Task to complete: Please repeat exactly the lines below from the one containing "adjustable +/- 30 degrees" down to the one containing "Jak Pana/Pani firma", both included, and nothing else.

Supplied material:
━━━━━━━━━━━━━━━━

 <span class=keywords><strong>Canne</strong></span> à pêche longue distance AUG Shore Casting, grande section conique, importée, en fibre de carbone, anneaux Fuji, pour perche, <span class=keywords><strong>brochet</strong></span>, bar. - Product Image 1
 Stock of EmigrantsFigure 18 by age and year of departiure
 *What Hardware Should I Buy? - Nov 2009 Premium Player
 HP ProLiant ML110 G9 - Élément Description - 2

━━━━━━━━━━━━━━━━

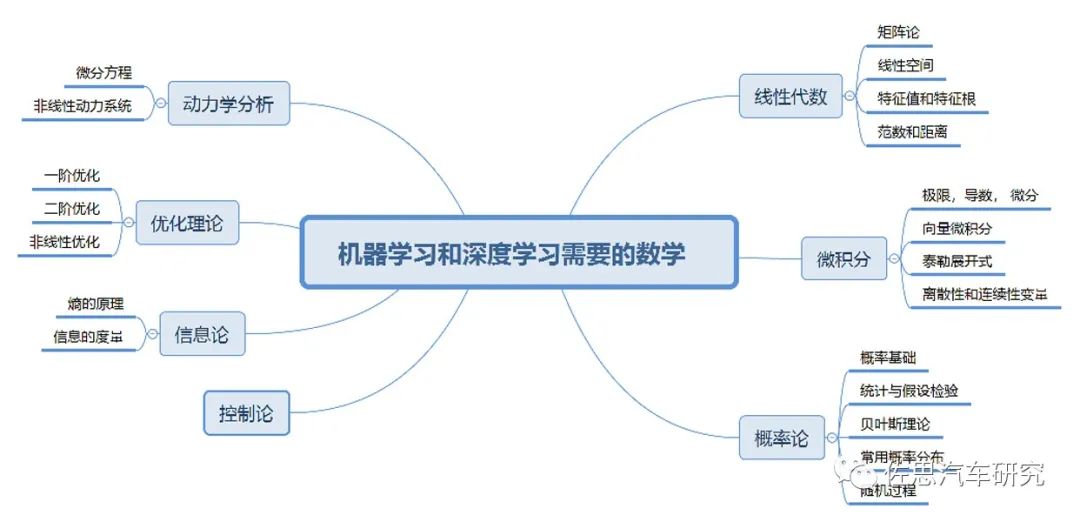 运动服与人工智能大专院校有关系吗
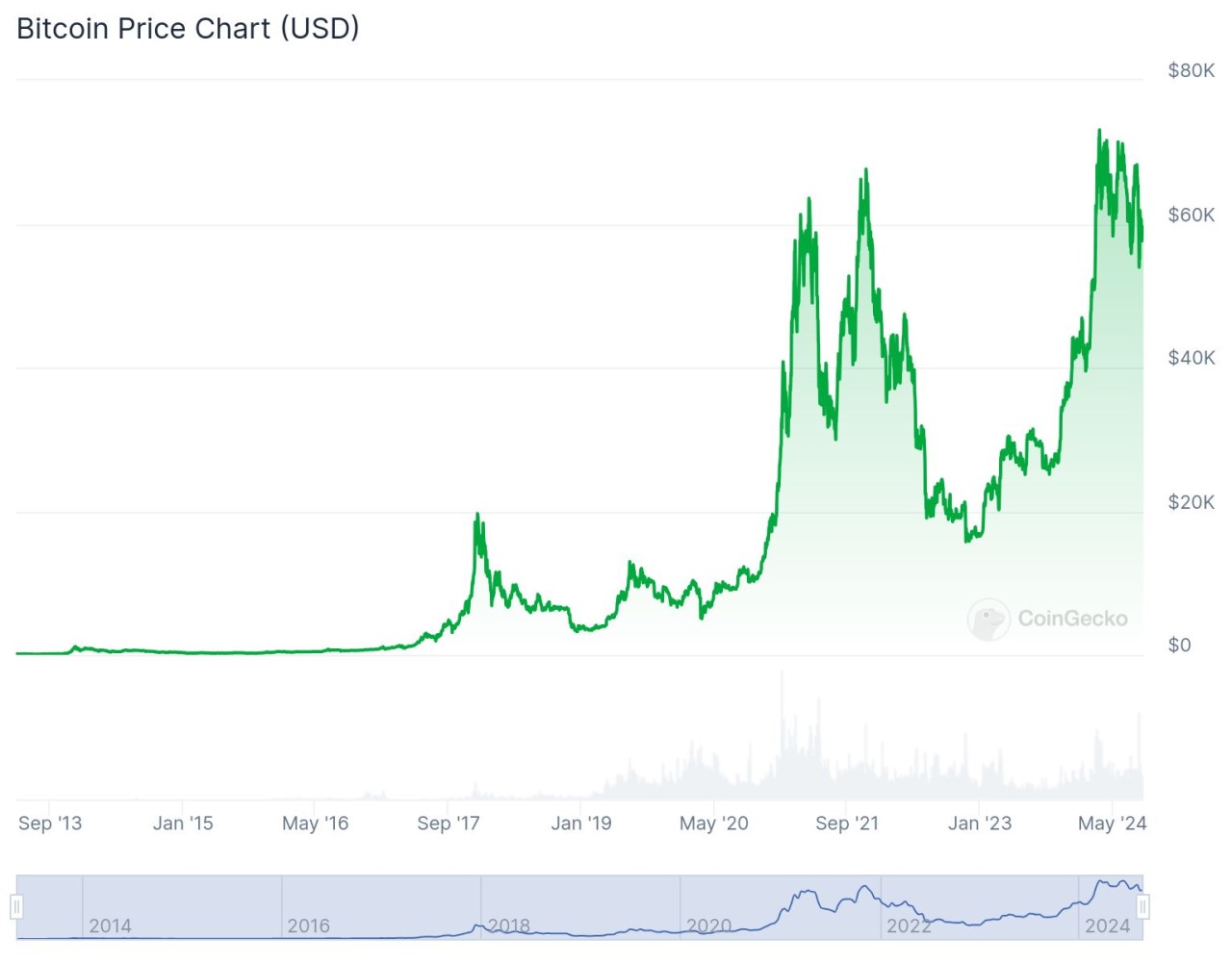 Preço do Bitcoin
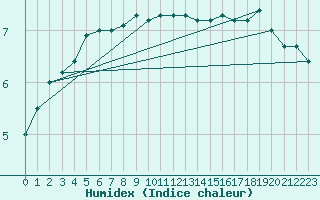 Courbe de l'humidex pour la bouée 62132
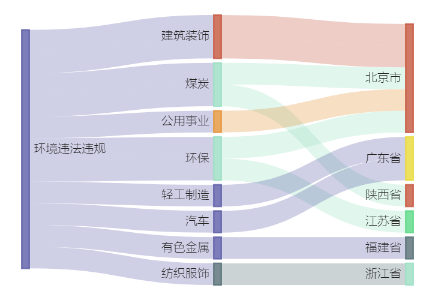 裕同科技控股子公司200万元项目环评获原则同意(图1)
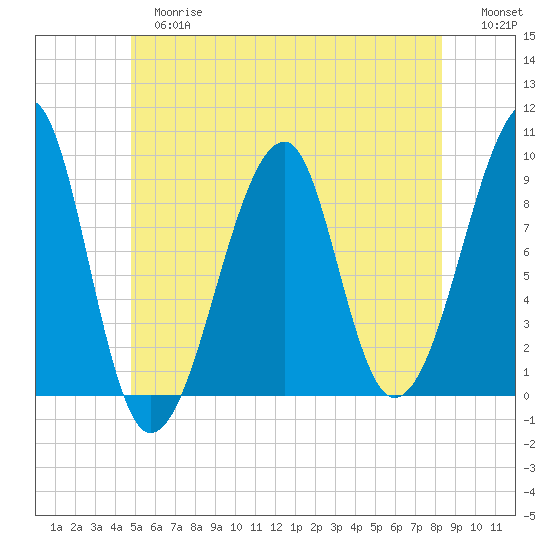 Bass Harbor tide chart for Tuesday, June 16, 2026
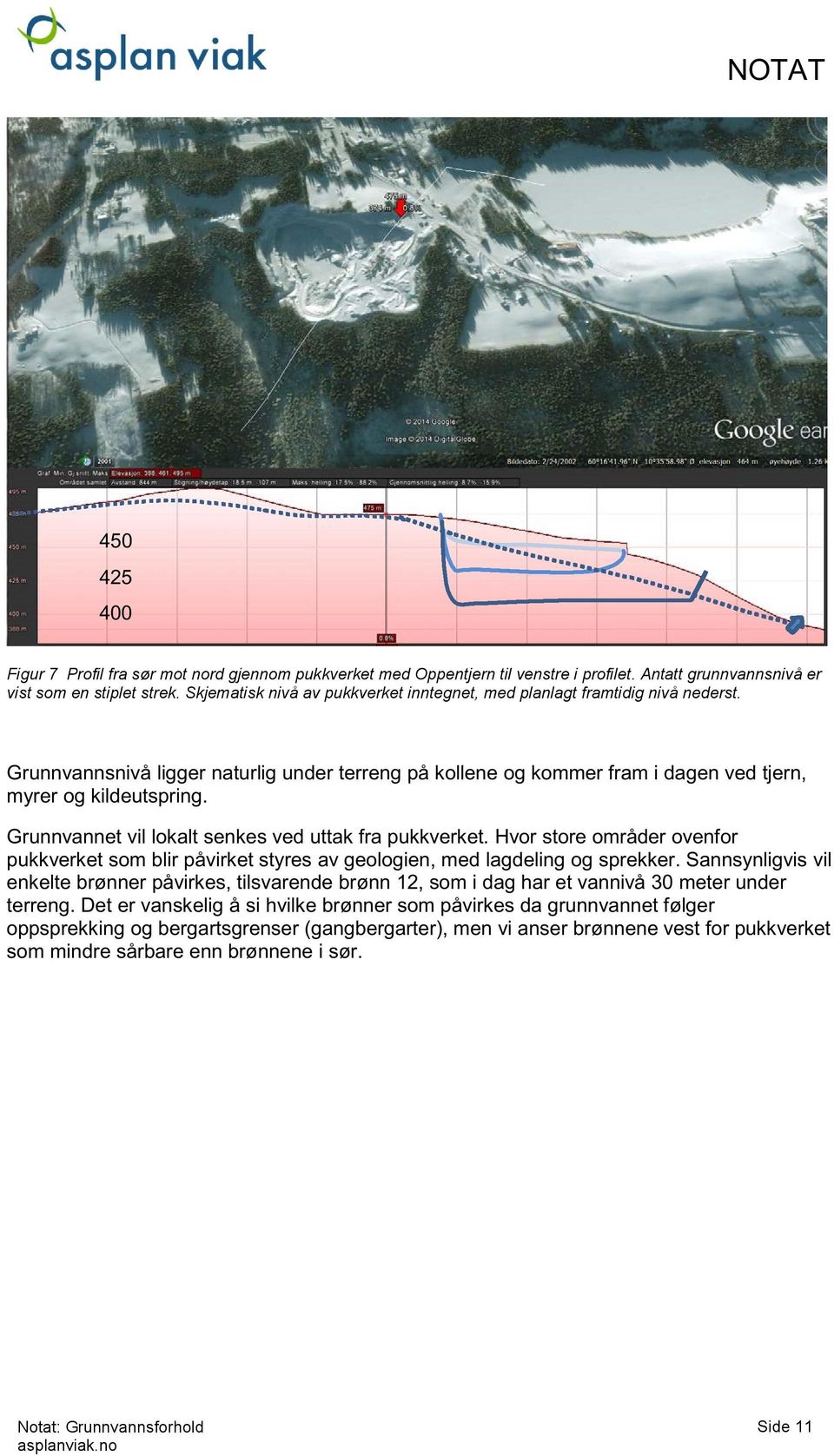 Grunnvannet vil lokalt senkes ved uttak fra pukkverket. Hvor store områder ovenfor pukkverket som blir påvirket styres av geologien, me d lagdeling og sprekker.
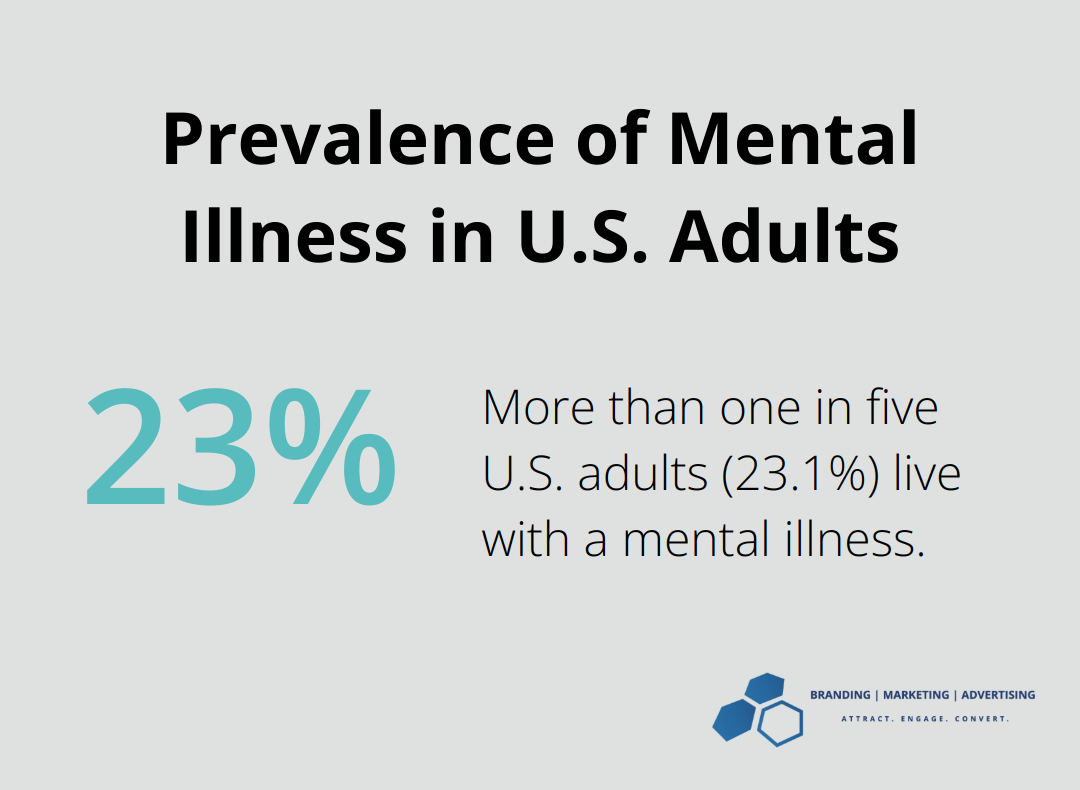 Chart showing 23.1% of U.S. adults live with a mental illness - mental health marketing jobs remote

━━━━━━━━━━━━━━━━

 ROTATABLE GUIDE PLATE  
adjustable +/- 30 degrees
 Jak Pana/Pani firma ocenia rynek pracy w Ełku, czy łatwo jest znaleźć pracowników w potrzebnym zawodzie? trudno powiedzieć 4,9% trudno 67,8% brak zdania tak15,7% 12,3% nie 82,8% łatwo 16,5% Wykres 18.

━━━━━━━━━━━━━━━━

Reply to the task:
adjustable +/- 30 degrees
 Jak Pana/Pani firma ocenia rynek pracy w Ełku, czy łatwo jest znaleźć pracowników w potrzebnym zawodzie? trudno powiedzieć 4,9% trudno 67,8% brak zdania tak15,7% 12,3% nie 82,8% łatwo 16,5% Wykres 18.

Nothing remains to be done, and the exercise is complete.